Options
Semantic Labels-Aware Transformer Model for Searching over a Large Collection of Lecture-Slides
Date Issued
2024-01-01
Author(s)
Jobin, K. V.
Mishra, Anand
Jawahar, C. V.
DOI
10.1109/WACV57701.2024.00591
Abstract
Massive Open Online Courses (MOOCs) enable easy access to many educational materials, particularly lecture slides, on the web. Searching through them based on user queries becomes an essential problem due to the availability of such vast information. To address this, we present Lecture Slide Deck Search Engine - a model that supports natural language queries and hand-drawn sketches and performs searches on a large collection of slide images on computer science topics. This search engine is trained using a novel semantic label-aware transformer model that extracts the semantic labels in the slide images and seamlessly encodes them with the visual cues from the slide images and textual cues from the natural language query.

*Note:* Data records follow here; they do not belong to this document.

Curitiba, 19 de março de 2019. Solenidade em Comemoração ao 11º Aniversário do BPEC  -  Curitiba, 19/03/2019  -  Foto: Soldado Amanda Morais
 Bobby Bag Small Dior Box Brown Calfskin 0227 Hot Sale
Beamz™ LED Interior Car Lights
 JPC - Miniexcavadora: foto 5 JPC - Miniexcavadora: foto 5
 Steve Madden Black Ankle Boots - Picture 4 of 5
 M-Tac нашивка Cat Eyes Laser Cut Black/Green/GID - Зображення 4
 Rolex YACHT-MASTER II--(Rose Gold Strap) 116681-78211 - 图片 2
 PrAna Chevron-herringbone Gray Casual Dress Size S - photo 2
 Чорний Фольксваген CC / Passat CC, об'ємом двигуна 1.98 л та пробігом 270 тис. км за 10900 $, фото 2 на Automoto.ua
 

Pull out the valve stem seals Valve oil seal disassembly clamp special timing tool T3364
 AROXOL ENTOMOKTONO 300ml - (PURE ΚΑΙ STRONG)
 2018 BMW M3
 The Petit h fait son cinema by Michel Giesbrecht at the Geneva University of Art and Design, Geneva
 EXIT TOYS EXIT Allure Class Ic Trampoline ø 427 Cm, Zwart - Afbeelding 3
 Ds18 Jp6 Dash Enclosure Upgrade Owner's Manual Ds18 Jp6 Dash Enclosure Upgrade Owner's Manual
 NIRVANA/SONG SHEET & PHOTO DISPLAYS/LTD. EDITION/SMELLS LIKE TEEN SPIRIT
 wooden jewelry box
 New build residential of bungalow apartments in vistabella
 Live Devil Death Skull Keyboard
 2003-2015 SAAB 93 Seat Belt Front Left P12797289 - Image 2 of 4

Further, to study the problem in a challenging setting, we introduce a novel dataset, namely the Lecture Slide Deck (LecSD) Dataset containing 54K slide images from the Data Structure, Computer Networks, and Optimization courses and provide associated manual annotation for the query in the form of natural language or hand-drawn sketch. The proposed Lecture Slide Deck Search Engine outperforms the competitive baselines and achieves nearly 4% superior Recall@1 on an absolute scale compared to the state-of-the-art approach. We firmly believe that this work will open up promising directions for improving the accessibility and usability of educational resources, enabling students and educators to find and utilize lecture materials more effectively.